The moral relativism mentioned here then means an update of moral norms to current conditions, and as such actually a kind of absolutism: there is no choice.
According to Weikart, the idea of an evolutionary ethics emerged. What was good was what furthered evolution, and what was bad was what hindered evolution. This is discussed by Weikart over the next pages, centered around Friedrich Nietzsche. One thing that could have been relevant for Weikart to mention here is that for Nietzsche, fitness was a question of interpretation; the fit was the one who could interpret his vices as virtues and defeats as victories.
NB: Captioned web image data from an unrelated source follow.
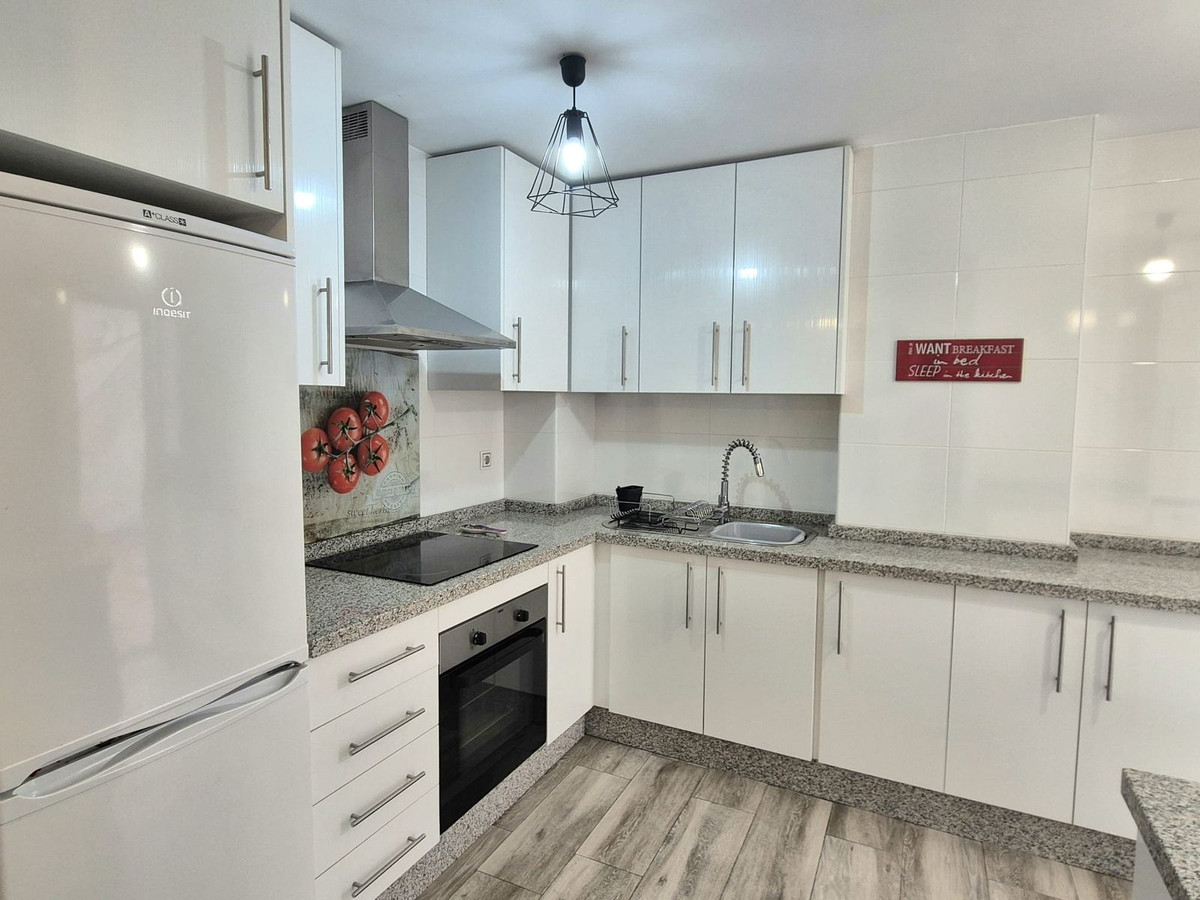 Se vende Apartamento Planta Baja de 2 dormitorios en Costa Del Sol, Málaga, España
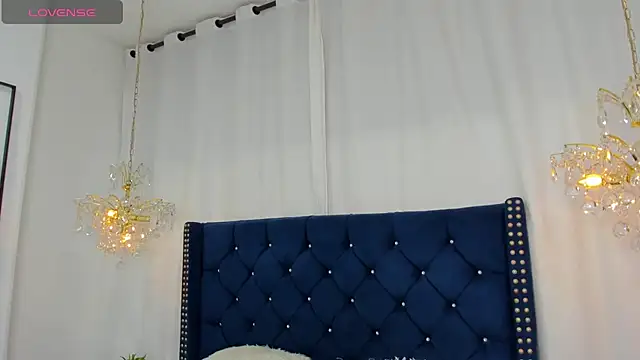 Вебкам-шоу AerumChae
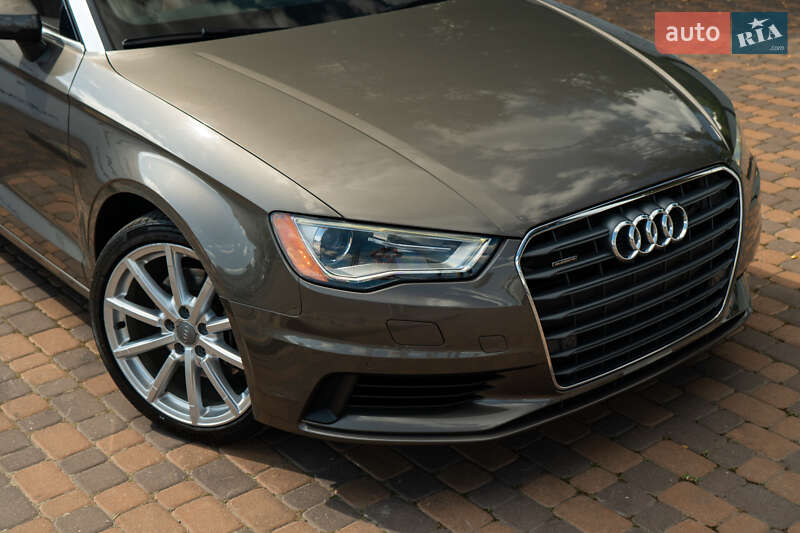 Кабріолет Audi A3 2015 в Києві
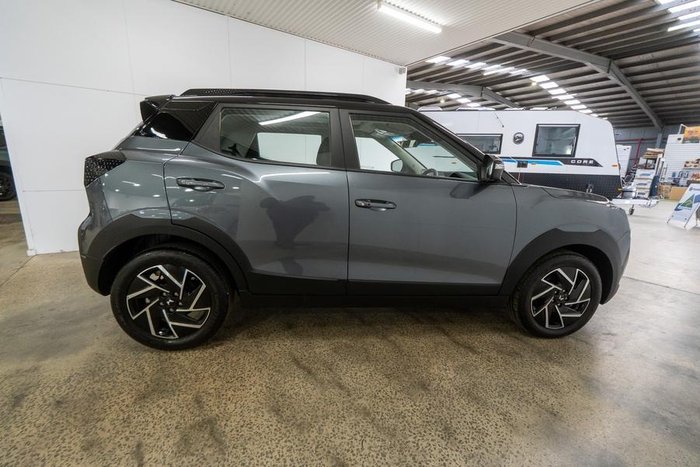 2025 Mahindra XUV3XO AX7L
Weikart's main point is, of course, that evolutionary ethics is opposed to Christian ethics. Thus, when discussing Wilhelm Schallmayer, Weikart writes p. 51:
Schallmayer attacked Christian morality as an impediment to evolutionary progress. He asserted that "the views of Christianity, insofar as they are at all influential, do not have the tendency to improve selection, either consciously or unconsciously, but rather - naturally - unconsciously - has the opposite tendency." He deemed some of the ideals of Christian morality, such as humility and despising earthly goods, harmful in the struggle for existence and thus irreconcilable with true morality. How then, did Christian morality become so prevalent, if it conferred such disadvantages to its bearers? Schallmayer suggested that some aspects of religious ethics can be advantageous in the struggle for existence. However, those aspects of Christianity most disadvantageous, such as loving one's enemy, survived only because they remained a dead letter, never being put into practice.
Implicit in Weikart's discussion here is that Christian ethics was prevalent. Almost 400 years earlier Martin Luther wrote that less than one out of thousand was a Christian, and making Christian ethics law, as the Anabaptists wanted, would therefore only let loose wild animals (= criminals). For Luther the state of sin was a condition imposed by God, and a strong state with unconstrained power to punish criminals was needed in order to enable peaceful people to live in safety. Thomas Hobbes saw things in much the same way, except he suggested civil and ecclesiastical powers combined in the Sovereign.
In short, here as elsewhere, Weikart is too superficial in his analysis.
Chapter 3, "Organizing Evolutionary Ethics", deals, as the title indicates, with the various organizations with an evolutionary program. One of these was the Monist League, founded by Haeckel. As Weikart writes, the Monist League was opposed to the Nazis and was banned by them. Weikart writes p. 70:
The Nazi suppression of the Monist League was not a function of a fundamental change in the Monist League's orientation during the Weimar period, as [Daniel] Gasman has argued, but rather reflected significant differences between Haeckel and Hitler. Haeckel and the Monist League promoted many social reforms that were anathema to Hitler, such as homosexual rights, feminism, and pacifism. Gasman's Haeckel-to-Hitler thesis ultimately failed, in part because he ignored the many areas of sharp disagreement between Haeckel and Hitler. However, while acknowledging the many differences, we should not ignore the many features of Monist ideology that featured prominently in Hitler's worldview such as eugenics, euthanasia, and social Darwinist racism.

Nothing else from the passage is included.